Balancing routine primary health care services during COVID-19

Thursday, May 21, 2020
Communications material used during the virtual COVID-19 training in Nagaland, India.

These days, Dr. Thanghoi Lam, the State Program Officer for Health and Wellness Centers in Nagaland, a small and remote state in northeastern India, barely leaves his office. The fear and panic surrounding COVID-19 has recently taken hold in Nagaland and Dr. Lam wants to make sure the state is fully equipped to deal with the pandemic.

“In Nagaland, we are taking all the necessary steps to prevent the rapid spread of this disease and minimize deaths. It is important that we strictly follow and implement all the guidelines issued by the Government of India and ensure that our public abides by them,” says Dr. Lam, who oversees health workers in the state. 

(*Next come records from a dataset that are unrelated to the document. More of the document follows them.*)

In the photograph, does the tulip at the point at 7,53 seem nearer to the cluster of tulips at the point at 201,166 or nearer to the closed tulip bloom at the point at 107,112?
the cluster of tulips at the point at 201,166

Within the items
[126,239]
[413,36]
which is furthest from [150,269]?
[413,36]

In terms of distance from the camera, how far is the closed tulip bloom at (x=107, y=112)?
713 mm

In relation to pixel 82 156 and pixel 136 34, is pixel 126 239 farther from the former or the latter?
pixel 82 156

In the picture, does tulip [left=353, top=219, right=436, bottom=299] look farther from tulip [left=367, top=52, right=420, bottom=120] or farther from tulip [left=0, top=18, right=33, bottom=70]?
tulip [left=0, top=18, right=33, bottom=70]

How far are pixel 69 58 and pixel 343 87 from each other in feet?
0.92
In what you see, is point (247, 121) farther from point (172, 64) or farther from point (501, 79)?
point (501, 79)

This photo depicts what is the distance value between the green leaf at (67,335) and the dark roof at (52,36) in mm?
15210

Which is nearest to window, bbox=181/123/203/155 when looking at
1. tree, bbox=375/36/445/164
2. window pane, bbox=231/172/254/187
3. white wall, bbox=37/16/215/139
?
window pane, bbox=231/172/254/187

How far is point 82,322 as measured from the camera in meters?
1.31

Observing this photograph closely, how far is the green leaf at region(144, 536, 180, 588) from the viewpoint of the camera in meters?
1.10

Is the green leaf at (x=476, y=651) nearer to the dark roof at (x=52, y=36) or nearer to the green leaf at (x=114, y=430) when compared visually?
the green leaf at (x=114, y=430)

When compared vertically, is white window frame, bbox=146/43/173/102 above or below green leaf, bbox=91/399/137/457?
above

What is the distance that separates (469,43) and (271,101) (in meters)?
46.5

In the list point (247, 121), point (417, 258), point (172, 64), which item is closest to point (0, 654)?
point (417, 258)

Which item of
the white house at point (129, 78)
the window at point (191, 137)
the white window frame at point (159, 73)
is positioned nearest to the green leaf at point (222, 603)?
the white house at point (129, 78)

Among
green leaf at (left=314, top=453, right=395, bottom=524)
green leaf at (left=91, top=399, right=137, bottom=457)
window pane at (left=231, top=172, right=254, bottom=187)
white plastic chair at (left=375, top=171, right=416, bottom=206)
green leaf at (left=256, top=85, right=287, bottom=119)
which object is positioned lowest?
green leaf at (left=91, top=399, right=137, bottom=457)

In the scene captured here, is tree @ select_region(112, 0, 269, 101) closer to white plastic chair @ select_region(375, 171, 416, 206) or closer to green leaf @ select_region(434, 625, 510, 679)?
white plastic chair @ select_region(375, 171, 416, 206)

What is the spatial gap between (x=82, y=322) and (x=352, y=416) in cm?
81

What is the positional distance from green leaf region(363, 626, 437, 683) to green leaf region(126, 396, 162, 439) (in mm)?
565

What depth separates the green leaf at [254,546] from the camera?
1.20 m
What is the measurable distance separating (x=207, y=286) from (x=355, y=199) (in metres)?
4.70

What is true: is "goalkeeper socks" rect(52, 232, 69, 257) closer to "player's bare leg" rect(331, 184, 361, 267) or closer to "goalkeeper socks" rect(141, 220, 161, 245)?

However, Nagaland is a mountainous state with poor roads and inadequate resource allocation. With COVID-19 restrictions on movement in place across the state and limited funding available, the state was unable to provide much-needed training on COVID-19 for its Community Health Officers (CHOs) posted at Health and Wellness Centers across the state. India’s Health and Wellness Centers, which each serve populations of 5,000 people, provide comprehensive primary health care services under the country’s Ayushman Bharat universal health coverage plan, and their health workers are on the frontlines in the fight to prevent the spread of COVID-19.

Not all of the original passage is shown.